5. Free Man In Paris - from Court and Spark
Free Man In Paris is from Joni Mitchell's 1974 album, Court and Spark. The song is about close friend David Geffen, during a trip the two took to Paris. It's one of Joni's most popular hits and has been covered by numerous artists. In the 1970s, an instrumental version was used as the theme for CBC's The Saturday Evening News.
6. All I Want - from Blue
All I Want is from our favorite Joni Mitchell album, Blue (1971). The album is one of the greatest of all time, and the songs were inspired by Joni's relationship with two men - Graham Nash and James Taylor. Blue and All I Want reference her relationship with Taylor and dealing with his heroin addiction. She really did knit him a sweater.
7. Night Ride Home - from Night Ride Home
Night Ride Home is from Joni Mitchell’s 1991 album, Night Ride Home. Though the album wasn’t commercially-successful, several songs received critical praise. Night Ride Home was originally titled “Fourth of July” and had been written about an evening in Hawaii. She first performed it in promotion of her 1988 album, Chalk Mark In a Rain Storm.

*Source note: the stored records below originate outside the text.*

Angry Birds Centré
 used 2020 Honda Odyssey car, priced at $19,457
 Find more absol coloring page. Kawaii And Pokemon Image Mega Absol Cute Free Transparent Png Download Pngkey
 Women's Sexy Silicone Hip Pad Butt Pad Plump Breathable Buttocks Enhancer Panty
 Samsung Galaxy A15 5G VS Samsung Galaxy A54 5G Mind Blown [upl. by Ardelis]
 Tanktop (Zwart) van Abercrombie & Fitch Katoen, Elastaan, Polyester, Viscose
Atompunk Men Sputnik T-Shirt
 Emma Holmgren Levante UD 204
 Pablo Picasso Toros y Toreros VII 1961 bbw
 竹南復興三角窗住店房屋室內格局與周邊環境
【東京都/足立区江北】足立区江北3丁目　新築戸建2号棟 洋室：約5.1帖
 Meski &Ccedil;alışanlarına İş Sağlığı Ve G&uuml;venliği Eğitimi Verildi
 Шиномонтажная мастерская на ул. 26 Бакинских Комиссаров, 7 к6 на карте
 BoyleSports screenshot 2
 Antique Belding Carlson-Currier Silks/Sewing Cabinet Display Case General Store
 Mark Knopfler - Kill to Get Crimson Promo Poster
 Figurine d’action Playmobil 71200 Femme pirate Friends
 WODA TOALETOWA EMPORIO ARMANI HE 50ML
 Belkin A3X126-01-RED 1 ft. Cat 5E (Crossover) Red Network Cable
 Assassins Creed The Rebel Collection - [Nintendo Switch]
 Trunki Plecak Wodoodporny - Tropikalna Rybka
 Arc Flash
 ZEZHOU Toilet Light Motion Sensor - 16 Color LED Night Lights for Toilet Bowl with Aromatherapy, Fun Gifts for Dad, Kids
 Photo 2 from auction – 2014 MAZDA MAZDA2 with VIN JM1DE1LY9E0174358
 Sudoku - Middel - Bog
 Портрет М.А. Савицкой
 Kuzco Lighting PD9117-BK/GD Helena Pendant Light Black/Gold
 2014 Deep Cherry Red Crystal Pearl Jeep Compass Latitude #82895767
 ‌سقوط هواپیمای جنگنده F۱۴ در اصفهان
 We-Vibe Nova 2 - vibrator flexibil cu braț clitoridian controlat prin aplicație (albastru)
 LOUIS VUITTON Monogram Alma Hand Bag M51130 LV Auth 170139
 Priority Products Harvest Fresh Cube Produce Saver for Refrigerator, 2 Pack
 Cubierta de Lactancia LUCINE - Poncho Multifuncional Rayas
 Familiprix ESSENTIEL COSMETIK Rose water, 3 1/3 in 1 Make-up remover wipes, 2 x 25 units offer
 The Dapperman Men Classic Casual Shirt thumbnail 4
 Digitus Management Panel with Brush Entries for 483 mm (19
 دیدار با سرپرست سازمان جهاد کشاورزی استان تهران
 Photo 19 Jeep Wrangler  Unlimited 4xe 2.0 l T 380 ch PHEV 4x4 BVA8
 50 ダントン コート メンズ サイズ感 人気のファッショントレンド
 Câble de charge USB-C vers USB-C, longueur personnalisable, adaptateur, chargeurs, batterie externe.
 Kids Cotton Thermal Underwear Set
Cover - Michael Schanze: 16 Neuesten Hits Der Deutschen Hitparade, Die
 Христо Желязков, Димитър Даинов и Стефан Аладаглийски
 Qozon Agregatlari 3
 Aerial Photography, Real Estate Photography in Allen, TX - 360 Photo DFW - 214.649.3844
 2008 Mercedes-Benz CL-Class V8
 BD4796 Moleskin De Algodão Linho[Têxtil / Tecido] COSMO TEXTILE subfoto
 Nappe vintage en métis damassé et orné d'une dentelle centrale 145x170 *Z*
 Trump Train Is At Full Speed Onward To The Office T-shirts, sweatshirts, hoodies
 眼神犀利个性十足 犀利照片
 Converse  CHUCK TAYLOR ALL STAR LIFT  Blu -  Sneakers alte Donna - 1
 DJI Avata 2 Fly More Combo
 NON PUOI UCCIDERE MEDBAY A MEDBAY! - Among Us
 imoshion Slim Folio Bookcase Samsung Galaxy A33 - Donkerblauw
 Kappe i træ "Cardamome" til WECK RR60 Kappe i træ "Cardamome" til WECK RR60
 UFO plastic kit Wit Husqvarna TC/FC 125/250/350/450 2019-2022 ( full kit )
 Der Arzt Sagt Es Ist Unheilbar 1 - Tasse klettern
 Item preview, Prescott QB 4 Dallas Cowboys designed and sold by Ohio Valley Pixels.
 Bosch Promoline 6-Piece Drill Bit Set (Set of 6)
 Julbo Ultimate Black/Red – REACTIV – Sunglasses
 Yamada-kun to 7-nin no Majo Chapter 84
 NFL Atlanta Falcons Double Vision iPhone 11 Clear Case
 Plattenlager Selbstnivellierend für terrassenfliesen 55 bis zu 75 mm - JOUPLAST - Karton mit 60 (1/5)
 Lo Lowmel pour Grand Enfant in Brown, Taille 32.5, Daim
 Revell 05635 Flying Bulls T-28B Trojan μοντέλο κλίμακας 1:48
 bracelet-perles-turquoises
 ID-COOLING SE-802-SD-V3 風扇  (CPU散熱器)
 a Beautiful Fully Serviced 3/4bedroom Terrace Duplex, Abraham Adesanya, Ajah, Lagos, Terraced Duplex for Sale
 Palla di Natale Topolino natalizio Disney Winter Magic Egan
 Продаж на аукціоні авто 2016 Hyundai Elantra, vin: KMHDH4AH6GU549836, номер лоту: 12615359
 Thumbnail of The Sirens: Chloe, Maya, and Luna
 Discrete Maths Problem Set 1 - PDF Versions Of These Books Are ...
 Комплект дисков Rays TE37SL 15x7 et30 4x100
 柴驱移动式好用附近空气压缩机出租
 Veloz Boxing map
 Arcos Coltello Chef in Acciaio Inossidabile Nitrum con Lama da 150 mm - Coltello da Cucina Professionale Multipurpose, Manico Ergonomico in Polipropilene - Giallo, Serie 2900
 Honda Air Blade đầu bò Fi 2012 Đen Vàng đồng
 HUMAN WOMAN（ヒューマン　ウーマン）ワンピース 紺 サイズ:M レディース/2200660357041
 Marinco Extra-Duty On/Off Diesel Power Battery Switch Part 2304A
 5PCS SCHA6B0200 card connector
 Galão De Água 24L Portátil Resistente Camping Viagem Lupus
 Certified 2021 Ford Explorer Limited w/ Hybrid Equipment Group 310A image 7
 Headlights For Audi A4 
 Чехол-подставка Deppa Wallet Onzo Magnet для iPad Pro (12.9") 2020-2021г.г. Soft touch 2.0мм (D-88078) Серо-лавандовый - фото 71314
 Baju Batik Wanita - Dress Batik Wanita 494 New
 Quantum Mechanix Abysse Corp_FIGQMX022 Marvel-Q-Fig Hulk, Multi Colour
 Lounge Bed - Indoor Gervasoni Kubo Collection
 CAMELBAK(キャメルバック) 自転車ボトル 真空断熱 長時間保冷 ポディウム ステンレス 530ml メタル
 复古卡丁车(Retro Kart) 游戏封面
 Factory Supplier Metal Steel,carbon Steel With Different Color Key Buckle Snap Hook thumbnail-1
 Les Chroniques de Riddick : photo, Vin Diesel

8. Help Me - from Court and Spark
Help Me is from Joni Mitchell’s 1974 album, Court and Spark. Commercially, it is her most successful song. Landing at No. 7 on Billboard Hot 100 and No. 1 on the Easy Listening charts, it is her only US top ten hit. Several artists have covered it, Prince references it in The Ballad of Dorothy Parker, and it’s been featured in South Park and Shameless.
9. Face Lift - from Taming the Tiger
Face Lift is from Joni Mitchell’s 1998 album, Taming the Tiger. Along with songs like Little Green and Chinese Café, Face Lift discusses the details of Joni getting pregnant and giving her daughter up for adoption in 1965, the main drive behind her songwriting. After the two reunited in 1997, Joni said she no longer felt the need to write.
10. Chelsea Morning - from Clouds
Joni Mitchell wrote Chelsea Morning while living in New York, before she had a record deal. It was included on her second album, Clouds (1969), because several artists had already covered it, including Judy Collins who had released a version a month before the release of Clouds. Fun Fact: Chelsea Clinton’s name was chosen because of Collins’ version.
11. A Case of You - from Blue
A Case of You is from Joni Mitchell’s 1971 album, Blue. Written around 1970, the song was inspired by her break up with Graham Nash. Mitchell plays the dulcimer, and James Taylor plays the guitar. It’s been covered over 300 times, but our favorite - hands down - is Prince’s version, which can be found on the 2007 album, A Tribute to Joni Mitchell.
12. Black Crow - from Hejira
Black Crow is from Joni Mitchell's 1976 album, Hejira. The album was inspired by a cross-country car trip she took from Maine to LA. The song, Black Crow, is about the difficulty Mitchell had when she left her second home in British Columbia's Sunshine Coast. Commercially, the album didn't perform well, but it's still one of our favorites here at Vinyl.
13. The Magdalene Laundries - from Turbulent Indigo
The Magdalene Laundries is from Joni Mitchell's album, Turbulent Indigo. For the cover, Joni took inspiration from Vincent van Gogh and painted a self portrait. Released in 1994, the album won a Grammy and is her most-successful since the 1970s. The Magdalene Laundries is about the suffering of Irish woman in the Magdalene Asylum.
14. River - from Blue
Though never released as a single, River is one of Joni Mitchell's most popular songs. From the 1971 album Blue, River was inspired by Joni's breakup with Graham Nash. The piano solo borrows from Jingle Bells, and it's often been called a Christmas song. There are over 400 recordings, placing it second to Both Sides Now for most covers.